Direktur Utama Bulog, Bayu Krisnamurthi mengatakan, ada beberapa hal yang membuat Indonesia berada di pinggir jurang krisis pangan. Pertama adalah perubahan iklim yang menghambat pertumbuhan tanaman pangan hingga menyebabkan penurunan produksi pertanian.

Kedua, karena kondisi tanah di Indonesia yang semakin hari semakin kehilangan tingkat kesuburannya lantaran eksploitasi yang tinggi. Kondisi ini menurut Bayu, terjadi di banyak lahan pertanian, terutama di Pulau Jawa.
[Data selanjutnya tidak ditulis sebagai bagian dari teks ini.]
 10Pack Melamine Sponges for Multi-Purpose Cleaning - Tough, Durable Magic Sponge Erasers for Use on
"Masalah terbesar dalam konteks ini adalah kondisi tanah yang kehilangan tingkat kesuburannya. Ditunjukkan oleh badan riset bahwa c-organik tanah di Jawa Barat, Jawa Tengah, Jawa Timur yang berada di ambang batas 2 persen itu jumlahnya sangat banyak," kata Bayu, Rabu (31/7).

Selain karena perubahan iklim dan masalah kesuburan tanah, hal lainnya yang menempatkan Indonesia di gerbang krisis pangan adalah semakin berkurangnya jumlah petani. Parahnya lagi, sebagian petani saat ini adalah penduduk dengan usia tua.
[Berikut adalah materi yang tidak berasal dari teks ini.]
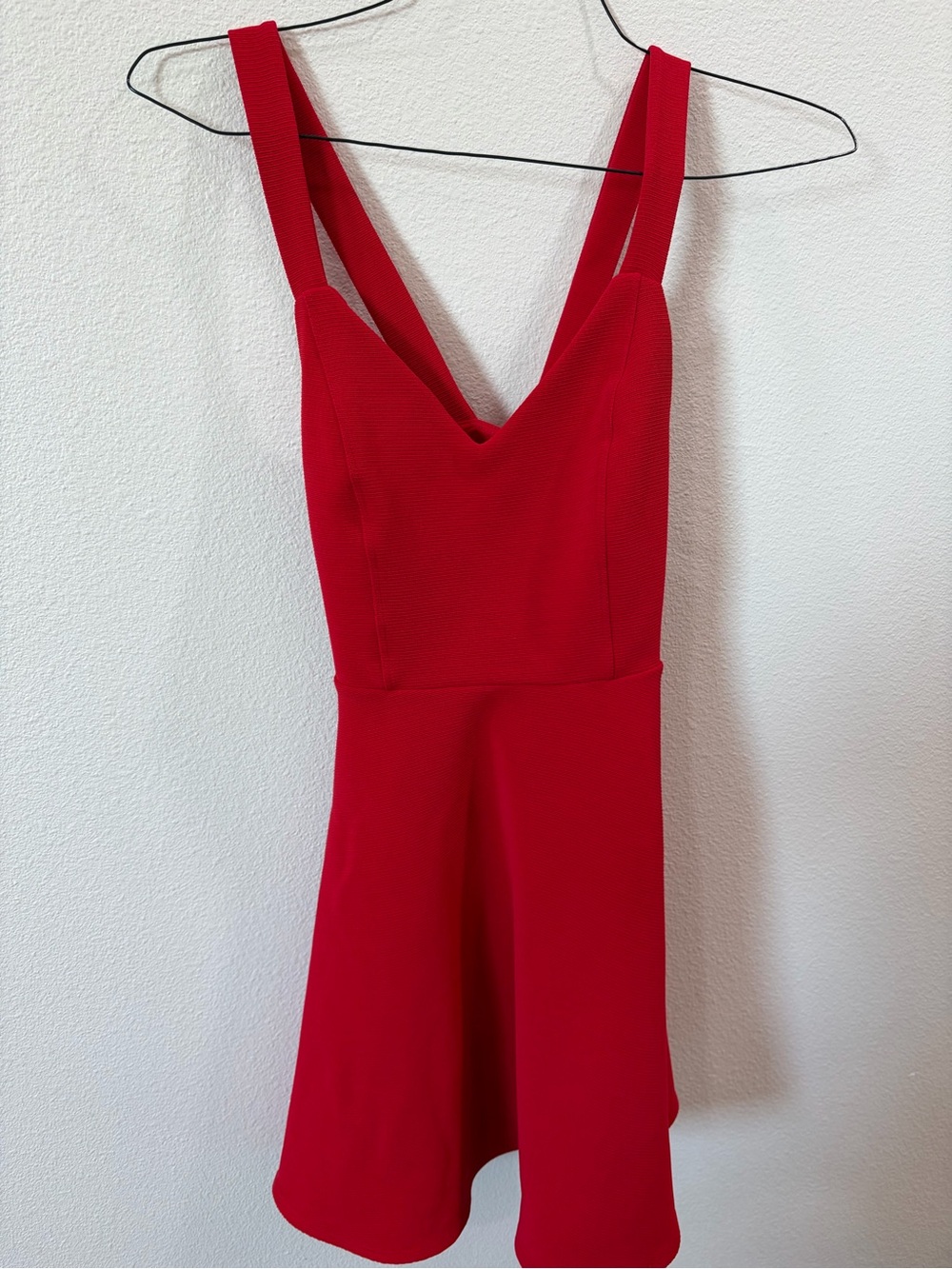 Forever 21 Bright Red V-Neck Mini Dress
"Jumlah petani semakin menurun dan yang tersisa sebagian besarnya adalah yang berusia tua. Sektor pertanian menjadi hal yang tidak menarik bagi generasi muda. Ini akan menjadi masalah serius juga bagi kita," lanjut Bayu.

Dampak serius perubahan iklim terhadap ketahanan pangan memang semakin terasa. Dalam periode Januari hingga April 2024, Indonesia telah mengalami penurunan produksi tanaman pangan, misalnya beras sebesar 17,74 persen dibanding periode yang sama tahun sebelumnya.

Data Bulog mencatat, sepanjang 2024, produksi beras nasional hanya menyentuh angka 18,55 juta ton. Padahal di paruh pertama 2023, produktivitas beras nasional mampu mencapai angka yang jauh lebih besar, yakni hingga 22,55 juta ton.

Menurut Bayu, tetap menggunakan cara konvensional dalam produksi beras justru akan menurunkan harga dan menaikkan harga pangan. Untuk itu, diperlukan intervensi teknologi untuk menjaga ketahanan pangan.

"Kita sadari jumlah penduduk akan terus bertambah Indonesia. Pertumbuhannya 50 juta jiwa dalam waktu 20-50 tahun ke depan. Kami memproyeksikan di 2050, jumlah produksi beras akan turun hingga 20 persen dan harga akan naik 20 persen," ujar Bayu.

"Namun dengan menggunakan teknologi, cukup memberikan prospek yang baik, produktivitas beras menjadi lebih tinggi," kata Eks Wakil Menteri Perdagangan itu.